*Work item*.
Each entry has to be reproduced in full, exactly as given.

*Provided entries*.
[Start of Attachment]
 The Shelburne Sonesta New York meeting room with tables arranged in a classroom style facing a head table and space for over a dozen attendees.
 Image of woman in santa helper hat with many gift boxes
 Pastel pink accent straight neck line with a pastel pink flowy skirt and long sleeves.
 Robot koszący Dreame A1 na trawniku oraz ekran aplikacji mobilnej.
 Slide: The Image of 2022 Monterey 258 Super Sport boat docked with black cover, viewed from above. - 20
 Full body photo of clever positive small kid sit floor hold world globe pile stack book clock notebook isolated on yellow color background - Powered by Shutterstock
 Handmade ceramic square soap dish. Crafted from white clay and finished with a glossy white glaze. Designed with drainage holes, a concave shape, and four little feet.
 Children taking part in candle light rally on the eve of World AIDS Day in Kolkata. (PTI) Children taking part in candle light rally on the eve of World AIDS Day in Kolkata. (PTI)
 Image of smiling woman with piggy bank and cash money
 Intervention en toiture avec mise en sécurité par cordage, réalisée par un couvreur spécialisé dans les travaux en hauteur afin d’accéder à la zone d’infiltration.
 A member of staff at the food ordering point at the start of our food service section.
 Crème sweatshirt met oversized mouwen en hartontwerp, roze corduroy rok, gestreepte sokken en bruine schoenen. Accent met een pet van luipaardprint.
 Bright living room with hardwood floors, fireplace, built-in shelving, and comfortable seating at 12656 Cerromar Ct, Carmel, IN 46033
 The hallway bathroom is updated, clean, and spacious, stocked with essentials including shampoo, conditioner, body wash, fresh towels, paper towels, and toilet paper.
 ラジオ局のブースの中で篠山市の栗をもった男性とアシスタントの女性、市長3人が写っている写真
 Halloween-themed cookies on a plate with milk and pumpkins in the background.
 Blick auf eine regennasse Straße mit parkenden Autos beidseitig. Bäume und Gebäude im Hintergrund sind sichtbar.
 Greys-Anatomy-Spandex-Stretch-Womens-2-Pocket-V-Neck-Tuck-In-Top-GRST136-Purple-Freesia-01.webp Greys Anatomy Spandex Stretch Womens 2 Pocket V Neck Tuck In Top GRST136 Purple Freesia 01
[End of Attachment]
*Result of this exercise*.
 The Shelburne Sonesta New York meeting room with tables arranged in a classroom style facing a head table and space for over a dozen attendees.
 Image of woman in santa helper hat with many gift boxes
 Pastel pink accent straight neck line with a pastel pink flowy skirt and long sleeves.
 Robot koszący Dreame A1 na trawniku oraz ekran aplikacji mobilnej.
 Slide: The Image of 2022 Monterey 258 Super Sport boat docked with black cover, viewed from above. - 20
 Full body photo of clever positive small kid sit floor hold world globe pile stack book clock notebook isolated on yellow color background - Powered by Shutterstock
 Handmade ceramic square soap dish. Crafted from white clay and finished with a glossy white glaze. Designed with drainage holes, a concave shape, and four little feet.
 Children taking part in candle light rally on the eve of World AIDS Day in Kolkata. (PTI) Children taking part in candle light rally on the eve of World AIDS Day in Kolkata. (PTI)
 Image of smiling woman with piggy bank and cash money
 Intervention en toiture avec mise en sécurité par cordage, réalisée par un couvreur spécialisé dans les travaux en hauteur afin d’accéder à la zone d’infiltration.
 A member of staff at the food ordering point at the start of our food service section.
 Crème sweatshirt met oversized mouwen en hartontwerp, roze corduroy rok, gestreepte sokken en bruine schoenen. Accent met een pet van luipaardprint.
 Bright living room with hardwood floors, fireplace, built-in shelving, and comfortable seating at 12656 Cerromar Ct, Carmel, IN 46033
 The hallway bathroom is updated, clean, and spacious, stocked with essentials including shampoo, conditioner, body wash, fresh towels, paper towels, and toilet paper.
 ラジオ局のブースの中で篠山市の栗をもった男性とアシスタントの女性、市長3人が写っている写真
 Halloween-themed cookies on a plate with milk and pumpkins in the background.
 Blick auf eine regennasse Straße mit parkenden Autos beidseitig. Bäume und Gebäude im Hintergrund sind sichtbar.
 Greys-Anatomy-Spandex-Stretch-Womens-2-Pocket-V-Neck-Tuck-In-Top-GRST136-Purple-Freesia-01.webp Greys Anatomy Spandex Stretch Womens 2 Pocket V Neck Tuck In Top GRST136 Purple Freesia 01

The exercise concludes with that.